* **Records**:

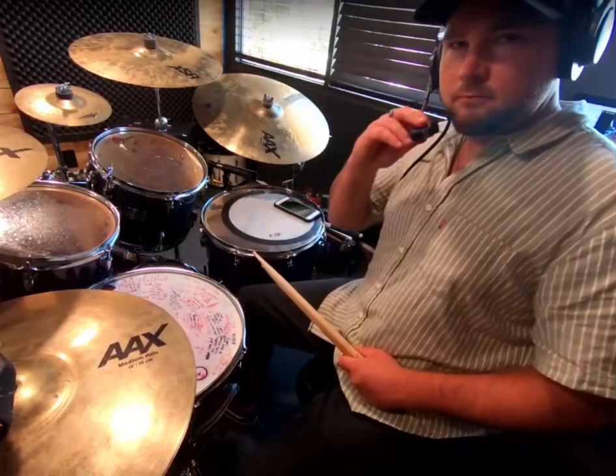Hey everybody, Ian Form here. Today I'll be showing you how to play a steppers beat in the genre of reggae music. Let's go check it out.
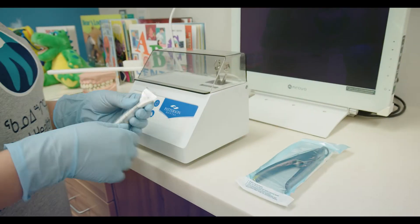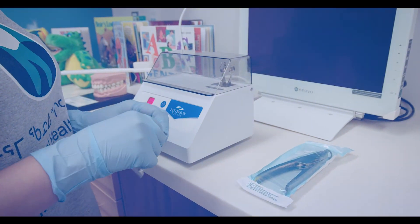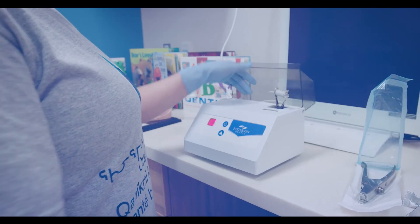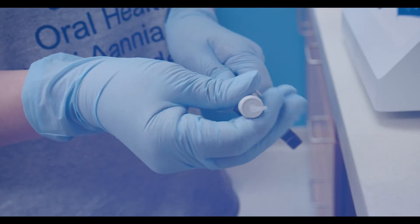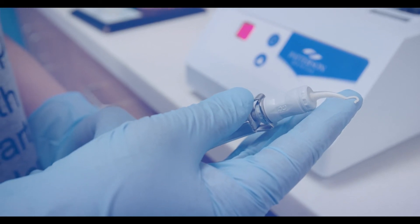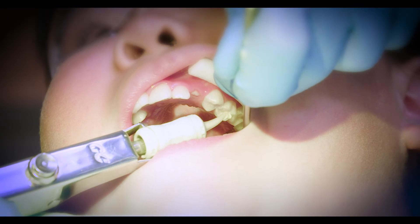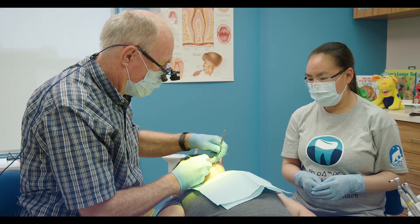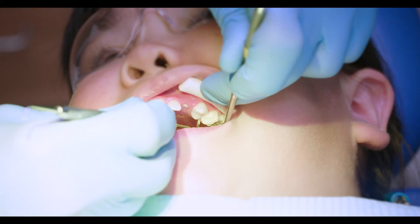A rumbling sound is made while the IST material is being mixed. The IST is loaded into a dispenser with a clicking sound and is then placed into the tooth. An instrument is used to help smooth it.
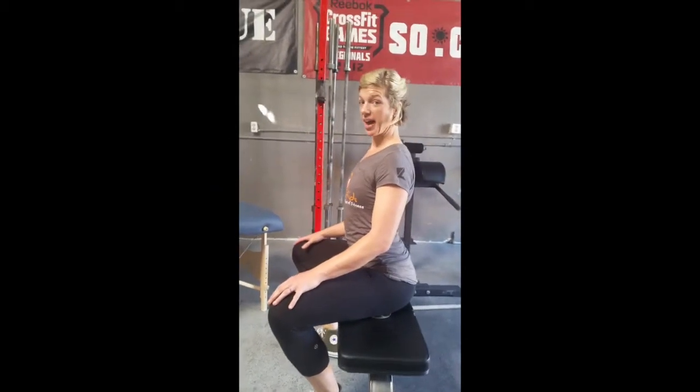My legs are spread. I can relax here and do work as needed. Now, there's also something that happens called over-extending, and this is also not okay.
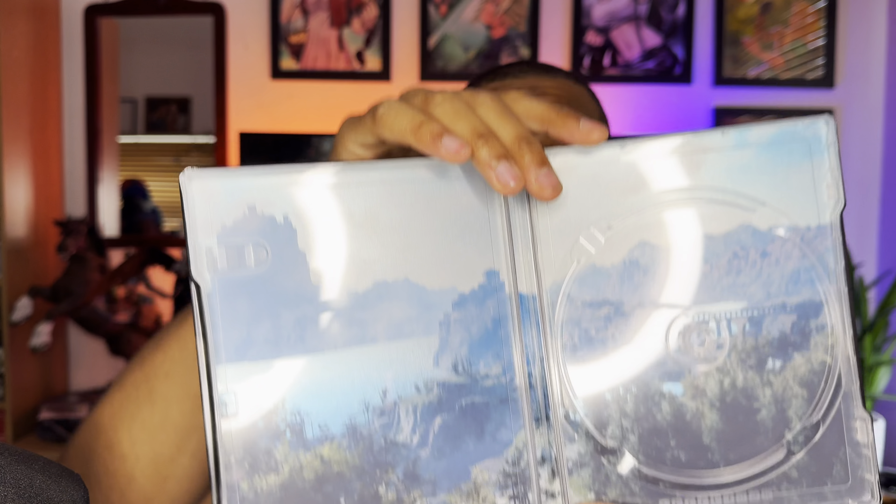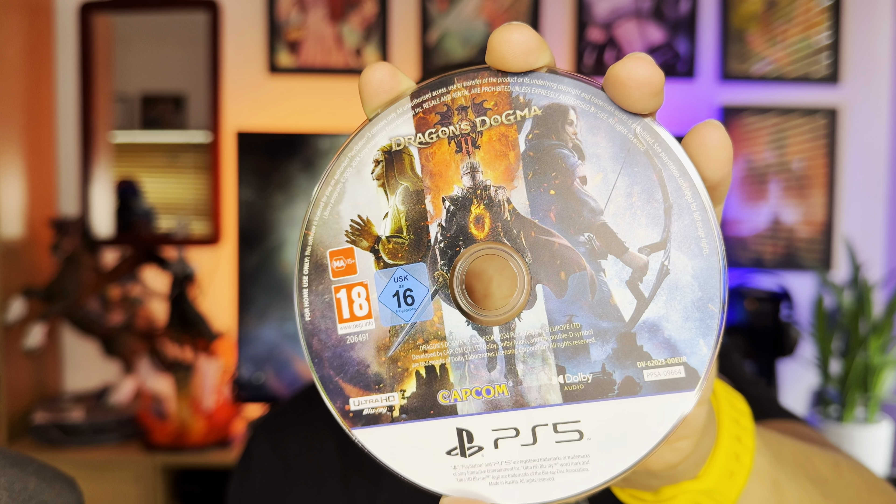Once we open this up we're greeted with the game, and we also have a backdrop. Taking out the disc, we have what I'm guessing is the main land — the area you'll be spending most of your time in. And then there's the disc itself. This was just a quick unboxing to showcase what the steelbook looks like, the quality, and so forth.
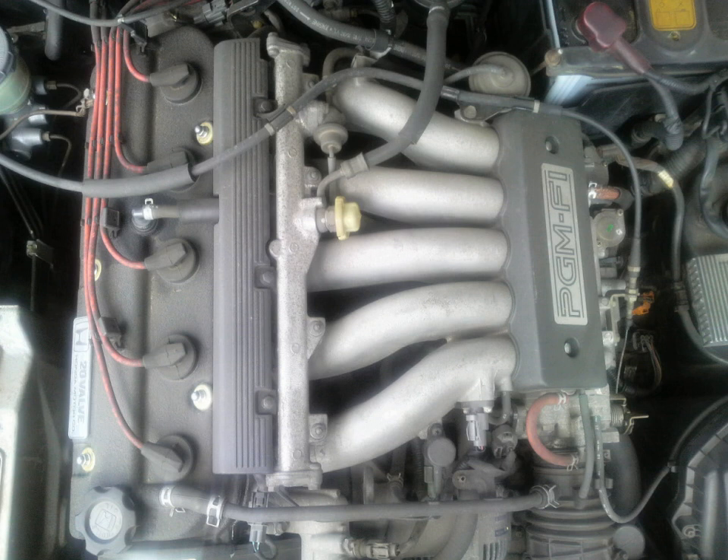G25A1: Compression ratio: 9.0:1. Found in the 1992–1994 USDM and CDM Acura Vigor CC2. G25A4: Compression ratio: 9.6:1. Power: 176 hp (131 kW), 178 PS. Found in the 1995–1998 USDM and CDM Acura 2.5 TL.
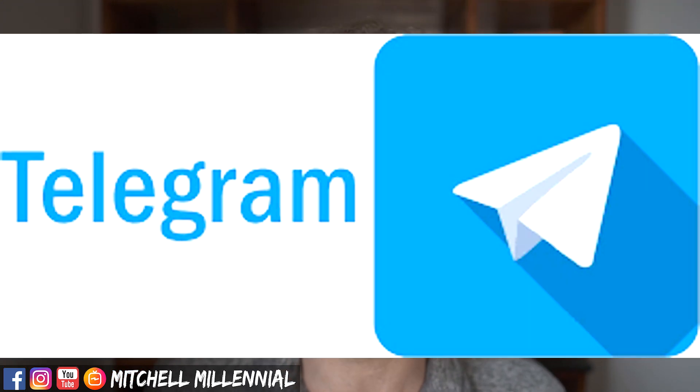If you're not part of my Telegram community, go ahead and check that out in the description down below. Also, a lot of you have been requesting written instructions or written summaries for those who might not speak the best English, so I'm going to start having summaries and steps on my website, MitchellMillennial.com — click on the blog section.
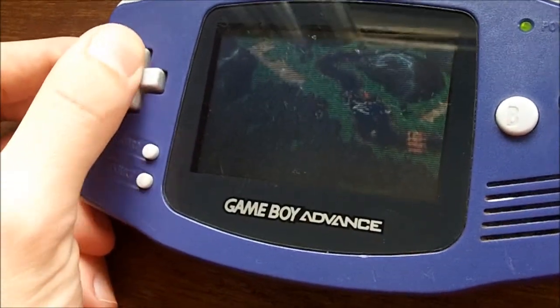And that's pretty much it — four different generations of Game Boys right there.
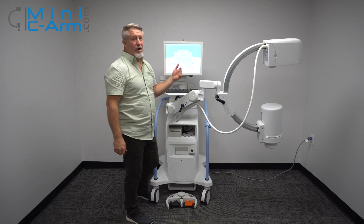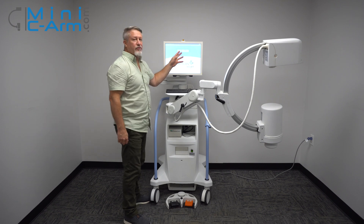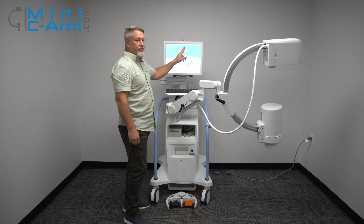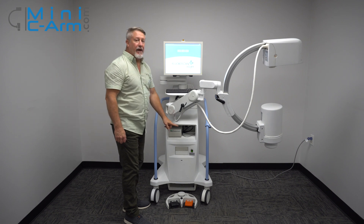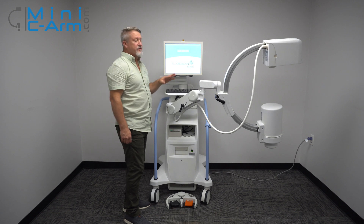Once we boot up, we're going to show you how to go into Perform and Review. Note that when you're shutting the machine down, always use the shutdown on the screen, not the power button. That allows Windows to shut down properly and gives you fewer issues in the future.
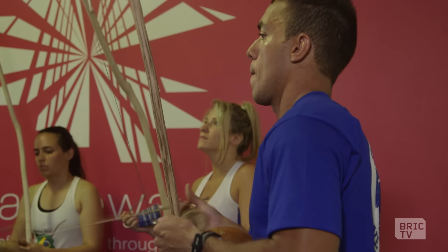Let's do it. Hello, Brooklyn. Welcome to another episode of Check Out the Workout. Tonight we're here with Professor Kuro of Jaisas do Brasil. What is capoeira?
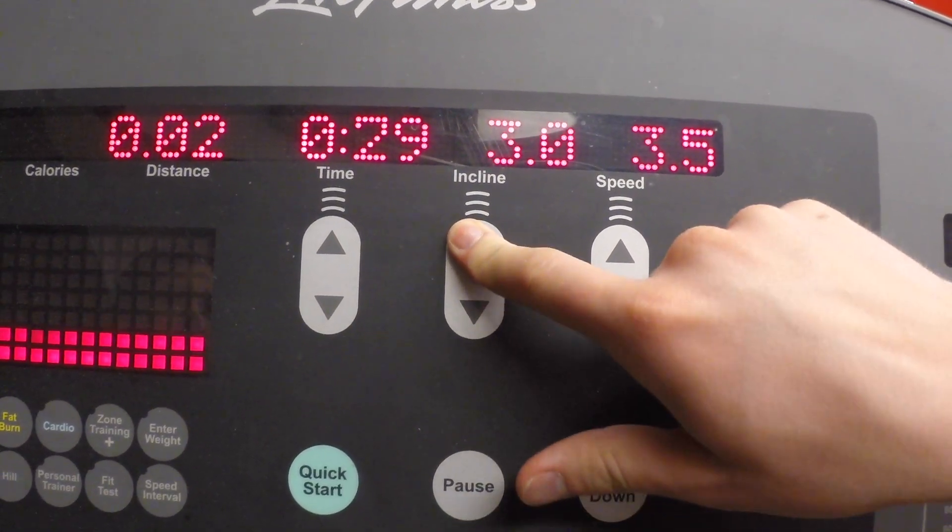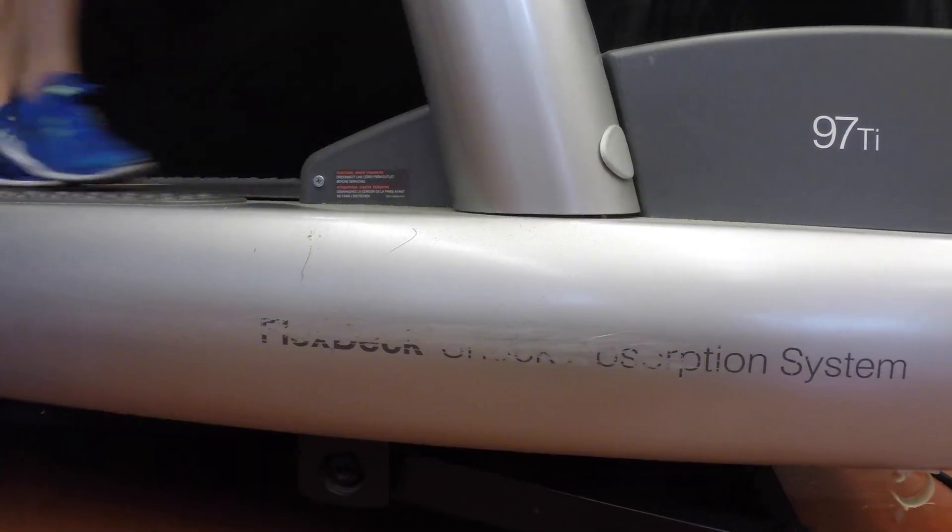Now to continue, increase the grade to 5% and have them walk for another 4 minutes.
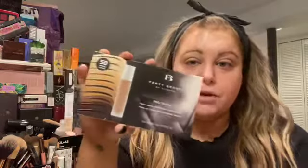Hey guys, welcome to today's foundation review. So today I'm going to be trying the sample of Fenty Beauty's Pro Filter. I got this in my Sephora foundation pack that I talked about in yesterday's video.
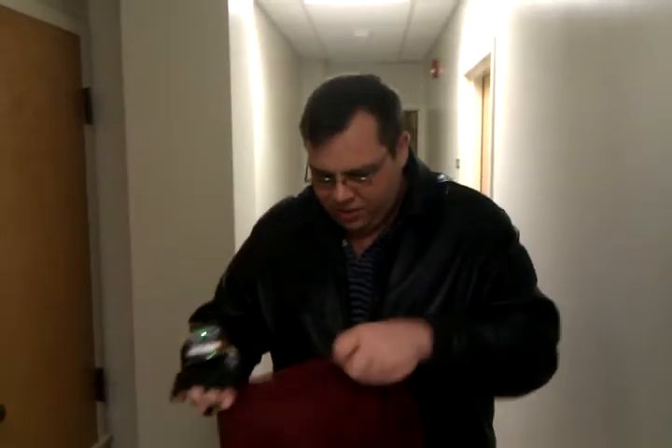This is a demonstration of the Bat Ultrasonic Glove. Here it is right here. What I'm going to do is completely blindfold myself and try navigating with this thing. Wish me luck. Here it goes.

* **Task**: With the pictures removed, return the full listing exactly as given.

* **Response box**:
Hey everybody, Ian Form here. Today I'll be showing you how to play a steppers beat in the genre of reggae music. Let's go check it out.
A rumbling sound is made while the IST material is being mixed. The IST is loaded into a dispenser with a clicking sound and is then placed into the tooth. An instrument is used to help smooth it.
My legs are spread. I can relax here and do work as needed. Now, there's also something that happens called over-extending, and this is also not okay.
Once we open this up we're greeted with the game, and we also have a backdrop. Taking out the disc, we have what I'm guessing is the main land — the area you'll be spending most of your time in. And then there's the disc itself. This was just a quick unboxing to showcase what the steelbook looks like, the quality, and so forth.
G25A1: Compression ratio: 9.0:1. Found in the 1992–1994 USDM and CDM Acura Vigor CC2. G25A4: Compression ratio: 9.6:1. Power: 176 hp (131 kW), 178 PS. Found in the 1995–1998 USDM and CDM Acura 2.5 TL.
If you're not part of my Telegram community, go ahead and check that out in the description down below. Also, a lot of you have been requesting written instructions or written summaries for those who might not speak the best English, so I'm going to start having summaries and steps on my website, MitchellMillennial.com — click on the blog section.
And that's pretty much it — four different generations of Game Boys right there.
Once we boot up, we're going to show you how to go into Perform and Review. Note that when you're shutting the machine down, always use the shutdown on the screen, not the power button. That allows Windows to shut down properly and gives you fewer issues in the future.
Let's do it. Hello, Brooklyn. Welcome to another episode of Check Out the Workout. Tonight we're here with Professor Kuro of Jaisas do Brasil. What is capoeira?
Now to continue, increase the grade to 5% and have them walk for another 4 minutes.
Hey guys, welcome to today's foundation review. So today I'm going to be trying the sample of Fenty Beauty's Pro Filter. I got this in my Sephora foundation pack that I talked about in yesterday's video.
This is a demonstration of the Bat Ultrasonic Glove. Here it is right here. What I'm going to do is completely blindfold myself and try navigating with this thing. Wish me luck. Here it goes.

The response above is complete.